Here is a fully in-place, allocation-free version which just uses a single loop (two passes over the data, since one is required to compute c). (I’ve verified that it gives the same results as the original code on random inputs.)

function compute_rhs!(udot, u, p, t)
    dx, = p
    dx⁻¹ = inv(dx)
    
    c = maximum(abs, u)  # Local sound speed
    local_ss_rb = max(abs(u[1]), abs(u[end]))
        
    f_cur = 0.5 * u[1]^2
    f̂_lb = 0.5 * (f_cur + 0.5 * u[end]^2) - 0.5 * local_ss_rb * (u[1] - u[end])
    f̂_prev = f̂_lb
    @inbounds for i = 1:length(udot)-1
        f_next = 0.5 * u[i+1]^2
        f̂_cur = 0.5 * ((f_cur+f_next) - c * (u[i+1]-u[i]))
        udot[i] = dx⁻¹ * (f̂_prev - f̂_cur)
        f̂_prev, f_cur = f̂_cur, f_next
    end
    f̂_rb = f̂_lb
    udot[end] = dx⁻¹ * (f̂_prev - f̂_rb)
end

(Note that in both Python3 and in Julia you can use as a variable name.
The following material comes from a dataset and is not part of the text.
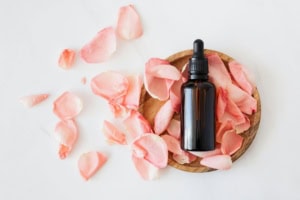 Anti-Aging Retinol Serum Flasche mit Pipette für einfache Anwendung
No need to have variables named f_hat these days. If I wanted to be even fancier I could have used f̂ᵢ₋₁ instead of f̂_prev, etc.)

PS. Note that udot[2:end-1] = (-1.0 / dx) .* (f_plus .- f_minus) still allocates unless you use .=.

2 Likes
13

Hi @stevengj thank you for the suggested loop fusion (and also @inbounds that I was not aware of).
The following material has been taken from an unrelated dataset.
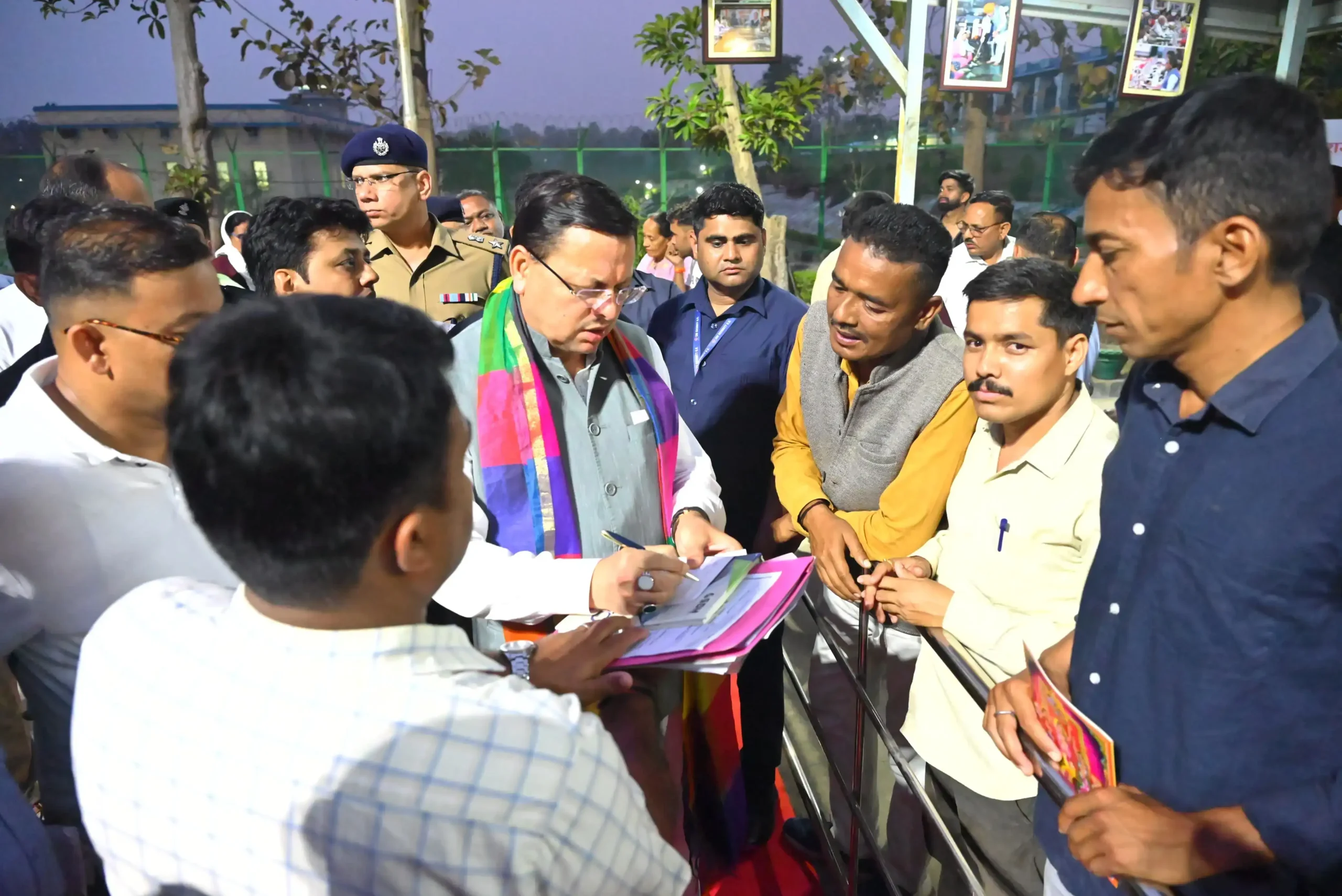  स्थानीय लोगों की समस्याओं का निस्तारण जनपद स्तर पर ही अधिकारी करें : मुख्यमंत्री धामी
I was working on similar performance improvements and comparison with Python/NumPy + Numba (automated optimizer for Python), and I have noticed the following:

  • If I replace vector version of the code with each “vector expression” expanded in a loop, then Julia computes twice faster (0.74 sec vs 1.83 sec in my tests based on this problem (inviscid Burgers’ equation)
  • This performance is comparable with what Numba gives with similar expansion of the loops, actually Numba was a bit faster (0.74 sec Julia and 0.72 sec Numba)
  • When I do loop fusion + @inbounds as suggested by @stevengj in the previous message, then Julia becomes twice faster (0.34 sec vs 0.78 sec)
  • Numba with loop fusion significantly lags behind Julia (0.34 sec Julia versus 0.50 sec Numba), although I did not find the way to disable bounds checking in Numba
14

Probably you got rid of some temporaries; you can generally achieve the same thing by judicious use of dots and views.

The fully fused version is harder to automate well because I had to introduce some inter-iteration dependencies to avoid computing f and f_hat twice. I doubt Numba can do this automatically? You can try removing the inbounds… it probably only helps a little.